Para Bolsonaro e seu núcleo duro, os generais de pijama, pouco importa quantos estão morrendo ou morrerão. O único interesse do genocida, ao que parece, é produzir e distribuir cloroquina e fazer o que puder para solapar as medidas adotadas pelos governadores, em especial, por Dória e pelos governadores do Nordeste. Exemplo deste tipo de ação, além das constantes manifestações contra as medidas restritivas de circulação, foi a tentativa de impedir medidas restritivas a cultos presenciais, impetrada no Supremo por um grupo intitulado “Associação Nacional dos Juristas Evangélicos”. Não foi mera coincidência ser exatamente o ministro indicado por Bolsonaro, Nunes Marques, a conceder a liminar, como também não foi coincidência o Procurador Geral da República, Augusto Aras, também indicado por Bolsonaro e que espera ser o próximo indicado para o Supremo, fazer a defesa da ação dos advogados evangélicos no plenário da Corte.

Menos coincidência ainda foi o fato de o Advogado Geral da União, André Mendonça, utilizando-se de citações bíblicas e não constitucionais, apresentar-se para também fazer coro a Aras e Nunes no Supremo. Não que Nunes, Aras e Mendonça, a serviço de Bolsonaro, acreditassem que poderiam sustentar a posição de proibição de restrição a cultos presenciais. Pouco também tal atitude diz respeito ao fervor religioso dos três ou de Bolsonaro. Como se diz popularmente, fé demais não cheira bem.
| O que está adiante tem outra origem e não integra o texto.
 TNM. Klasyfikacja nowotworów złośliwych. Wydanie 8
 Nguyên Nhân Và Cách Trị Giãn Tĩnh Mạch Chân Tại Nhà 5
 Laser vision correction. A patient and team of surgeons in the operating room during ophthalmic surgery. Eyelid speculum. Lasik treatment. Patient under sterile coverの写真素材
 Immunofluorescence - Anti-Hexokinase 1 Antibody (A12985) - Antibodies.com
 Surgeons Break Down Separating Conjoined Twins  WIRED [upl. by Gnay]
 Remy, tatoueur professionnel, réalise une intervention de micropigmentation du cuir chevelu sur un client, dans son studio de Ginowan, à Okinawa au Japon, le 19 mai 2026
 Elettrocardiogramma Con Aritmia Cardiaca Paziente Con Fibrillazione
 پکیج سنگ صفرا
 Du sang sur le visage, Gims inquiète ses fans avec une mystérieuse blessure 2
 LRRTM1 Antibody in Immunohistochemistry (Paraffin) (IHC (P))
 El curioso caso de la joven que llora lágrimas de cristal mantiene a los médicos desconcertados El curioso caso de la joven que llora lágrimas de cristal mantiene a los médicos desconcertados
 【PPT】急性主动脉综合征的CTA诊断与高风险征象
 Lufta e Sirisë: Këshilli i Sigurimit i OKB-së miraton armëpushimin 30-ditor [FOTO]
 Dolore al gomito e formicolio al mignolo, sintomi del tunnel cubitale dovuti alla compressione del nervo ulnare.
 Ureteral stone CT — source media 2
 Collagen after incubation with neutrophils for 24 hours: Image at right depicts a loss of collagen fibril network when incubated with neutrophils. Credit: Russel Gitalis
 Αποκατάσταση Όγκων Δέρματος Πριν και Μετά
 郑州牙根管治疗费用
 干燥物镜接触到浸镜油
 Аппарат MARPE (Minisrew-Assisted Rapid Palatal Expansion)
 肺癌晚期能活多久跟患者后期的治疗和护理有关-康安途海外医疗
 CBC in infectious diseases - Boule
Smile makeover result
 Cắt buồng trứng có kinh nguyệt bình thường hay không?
Por trás de tal ação do governo e de seus paus mandados no Supremo e na PGR, está a intensão de incentivar a desobediência às medidas de combate à Covid adotadas pelos governos estaduais.

Essa pandemia leva três mil pessoas a óbito por dia, aproximadamente 125 por hora. Em síntese, sem medidas restritivas de circulação em caráter nacional que quebrem a cadeia de transmissão do vírus, esse genocídio permanecerá por meses, até que a vacinação lenta surta algum efeito. Bolsonaro dizer que está se empenhando na compra de vacinas e de medicamentos, sem tais ações de restrição, é mera perfumaria. Não há como se pensar em união diante de tais circunstâncias, pois a cada minuto que este genocida se mantém no poder implementando tal negacionismo, 2 brasileiros perdem a vida. Tentar impedir a instalação da CPI não só é ato de prevaricação, como transforma Rodrigo Pacheco em cúmplice deste genocídio.